Por: Felipe Restrepo Pombo

La venganza de los nerds

EN ESTADOS UNIDOS, DE VEZ EN cuando, la ficción y la realidad se confunden.

La industria del entretenimiento es tan poderosa que, por momentos, los estadounidenses no recuerdan si vieron una historia en cine o en los noticieros. Acaba de ocurrir con la vida y obra de Mark Zuckerberg, el fundador de Facebook.

Zuckerberg siempre ha sido un personaje enigmático pero, desde el estreno de Red social —la película que narra cómo creó su multimillonario imperio mediático—, se convirtió en un mito pop. La cinta, dirigida por el talentoso David Fincher y escrita —impecablemente— por Aaron Sorkin, ha generado controversia. A pesar de que los críticos la consideran una joya y que hoy se llevará varios Oscar, el público siente que está sobrevalorada. He escuchado a algunos espectadores sorprendidos por su éxito. Sin embargo, creo que —como ha ocurrido con tantas otras películas incomprendidas— Red social se convertirá en un clásico y será recordada como una cinta que definió su época.

 Cuando empezaron los rumores sobre el rodaje de una producción acerca del nacimiento de Facebook, las reacciones fueron escépticas: muchos pensaron que se trataba de un caso demasiado reciente. Pero Fincher, Sorkin y su equipo lograron una asombrosa distancia sobre los hechos. Diseccionaron el fenómeno de Facebook como si éste hubiera ocurrido hace varias décadas.

Una vez estrenada, Red social empezó a levantar ampolla. Sus contradictores —en particular las personas involucradas en la historia real— la descalificaron. Zuckerberg dijo en una conferencia en Stanford: “Hicieron algunas cosas bien. Todas las camisetas y suéteres que aparecen las tengo en la vida real”. Pero, creo, ese no es el punto. En Red social no importa la precisión de los datos porque es la interpretación de un caso real. No es un reportaje riguroso: es una alegoría de lo que significan en nuestra sociedad personajes como Mark Zuckerberg.

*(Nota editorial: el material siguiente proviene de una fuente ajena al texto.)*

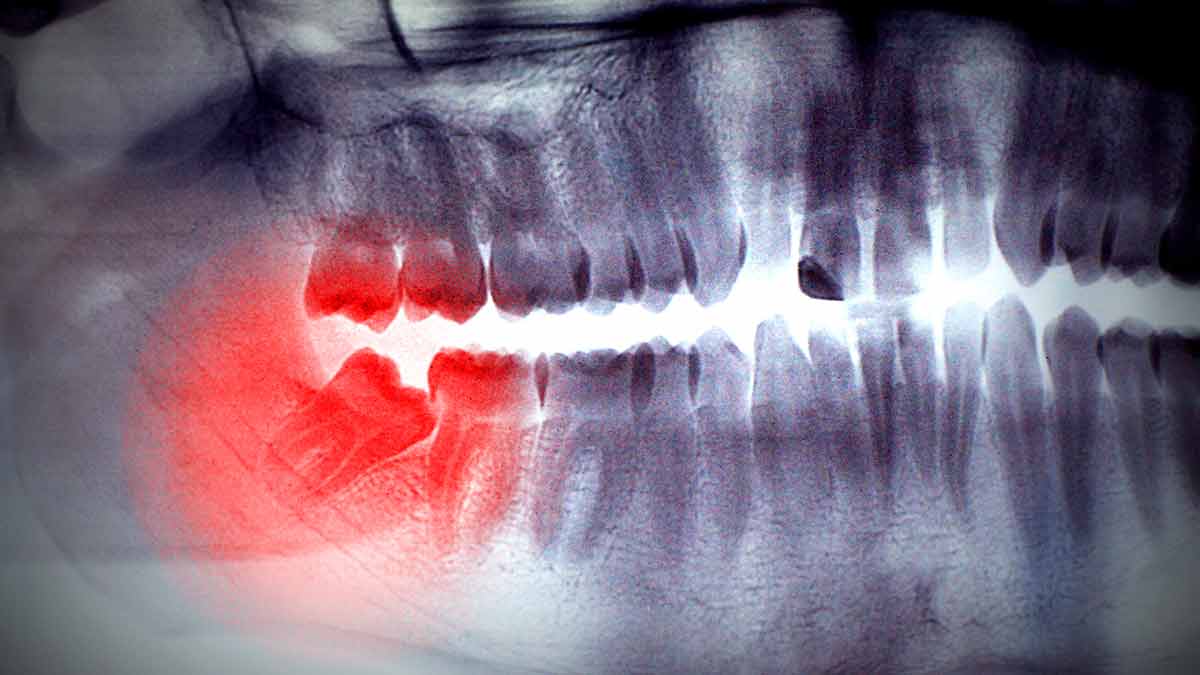 wisdom-teeth-extraction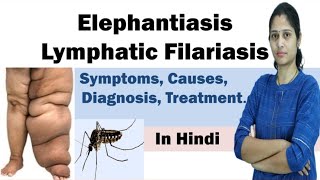 Elephantiasis  Filariasis  Symptoms Causes Diagnosis Treatment Prevention  In Hindi [upl. by Fennessy729]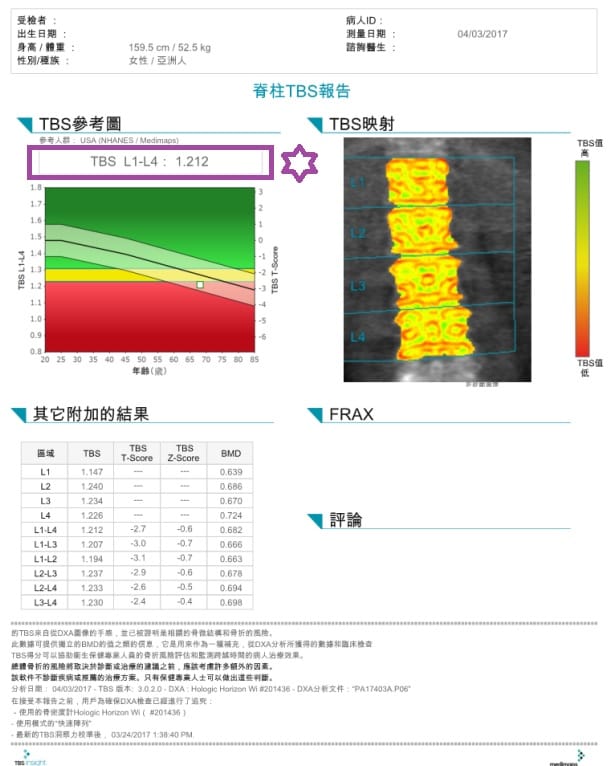 骨品質的重要--骨質密度好但還是2次骨折的真相 3 以DXA檢測骨小樑分數(骨品質)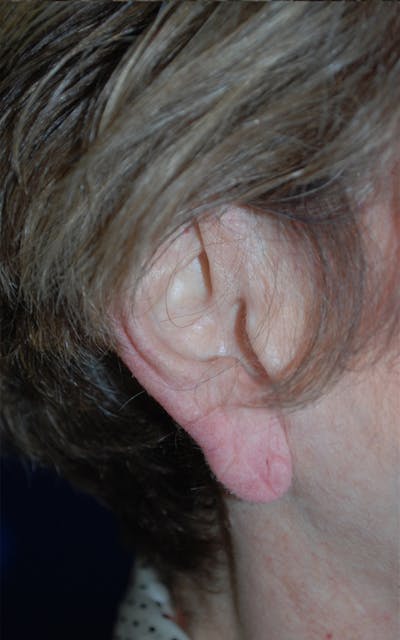 Tissue Excision Before & After Gallery - Patient 298182 - Image 1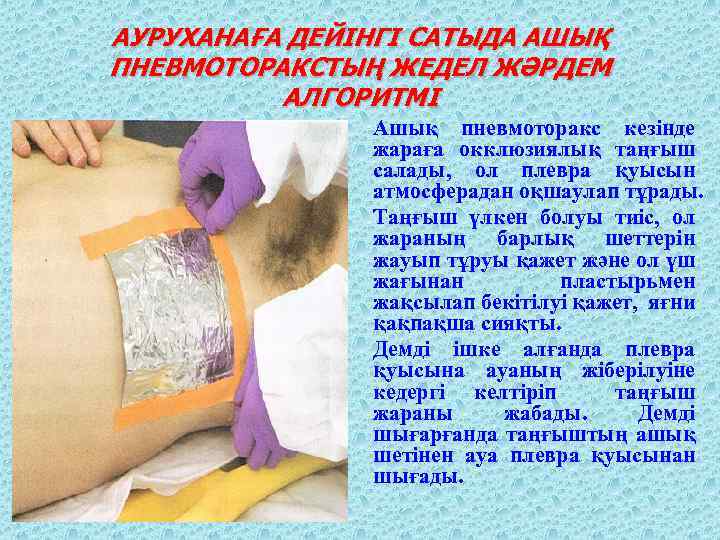 АУРУХАНАҒА ДЕЙІНГІ САТЫДА АШЫҚ ПНЕВМОТОРАКСТЫҢ ЖЕДЕЛ ЖӘРДЕМ АЛГОРИТМІ Ашық пневмоторакс кезінде жараға окклюзиялық таңғыш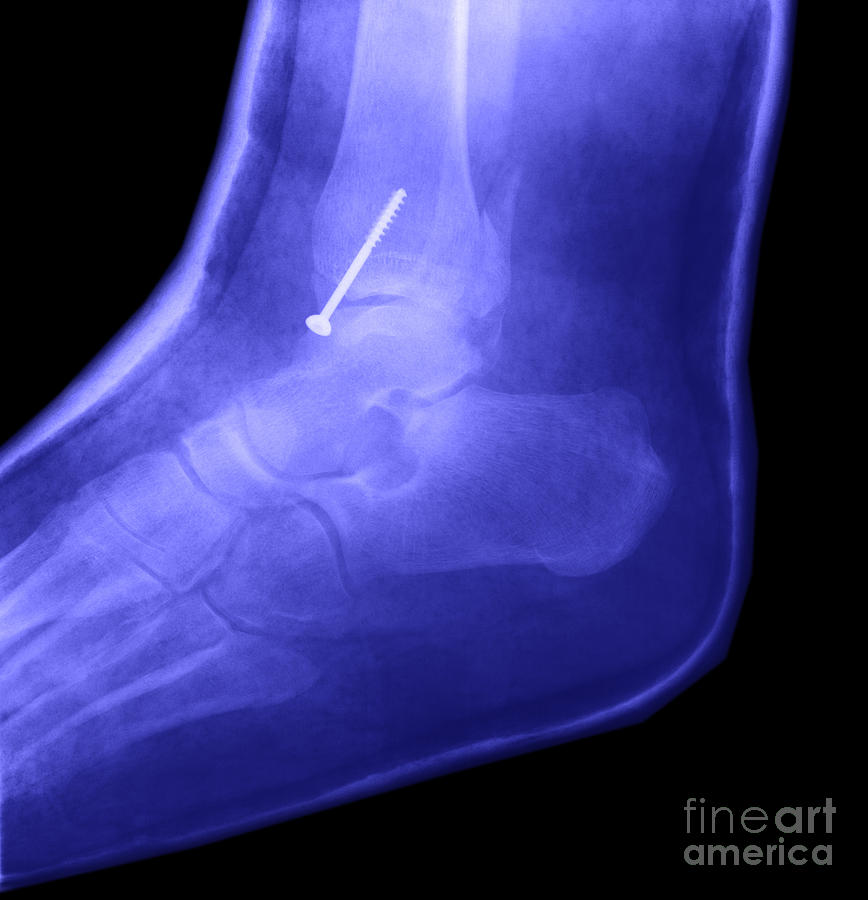 Broken Ankle #1 Photograph by Ted Kinsman
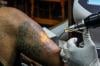 Hapus Tato Gratis dengan Laser - Bagian 4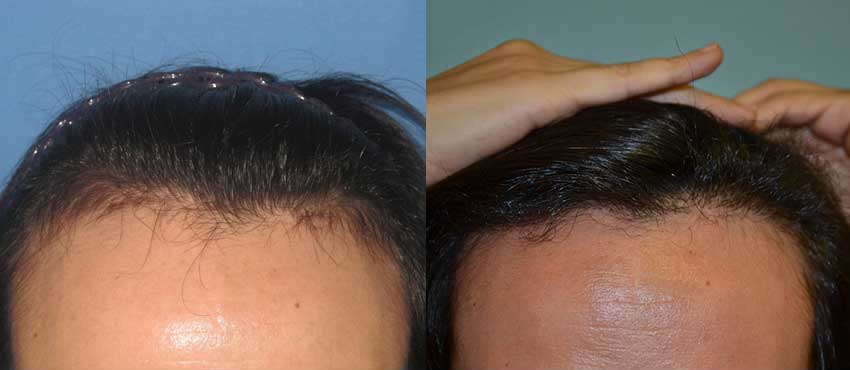 DHI before & after hair transplant results
                                         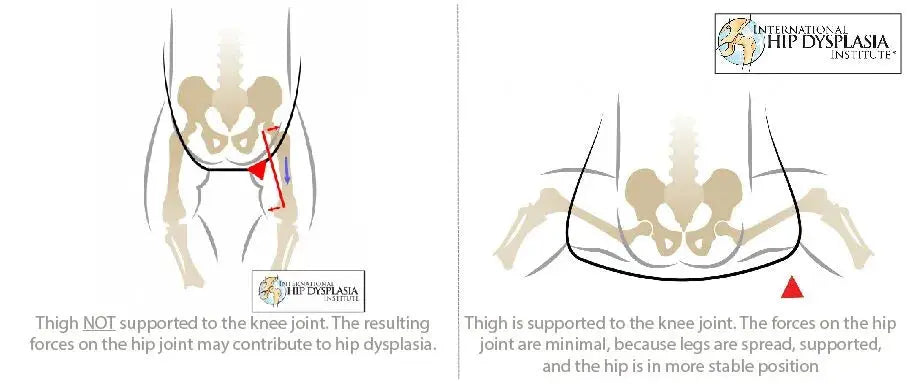 Zozinette Flexi Plus Carriers - Motherhood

En ese sentido, plantea varios temas incómodos. El primero es cómo una persona con capacidades sociales muy limitadas —parece que Zuckerberg tuviera el síndrome de Asperger— inventó la herramienta de comunicación más importante de la década pasada. Y no sólo eso: la creó motivado por un profundo narcisismo y egoísmo. Facebook, la página que 500 millones de personas en el planeta utilizan para hacer amigos, es la invención de un nerd arribista quien, para diseñarla, traicionó a sus pocas amistades.

 Últimamente muchos analistas dicen que Facebook es la plataforma de información más poderosa que existe. Dudo que esto sea todavía cierto. Es verdad que en el caso de Egipto fue una herramienta fundamental. Pero, desde sus inicios —como lo muestra Red social— el 90% de los datos que circulan por ahí son banales (por cierto, ¿Facebook cambió el mundo o sólo nos enseñó lo cursis que podemos llegar a ser?). Twitter, Tumblr o Foursquare —por sólo mencionar algunas de las posibilidades de microblogging que existen— son mucho más interesantes. Y en un par de años harán ver a Facebook como un dinosaurio obsoleto.

Red social es el retrato de una generación solitaria, con prioridades y valores retorcidos. Que, como el personaje de Mark Zuckerberg en la última secuencia de la película, está incomunicada. Y que busca las respuestas en el lugar equivocado: frente al resplandor intenso de una pantalla.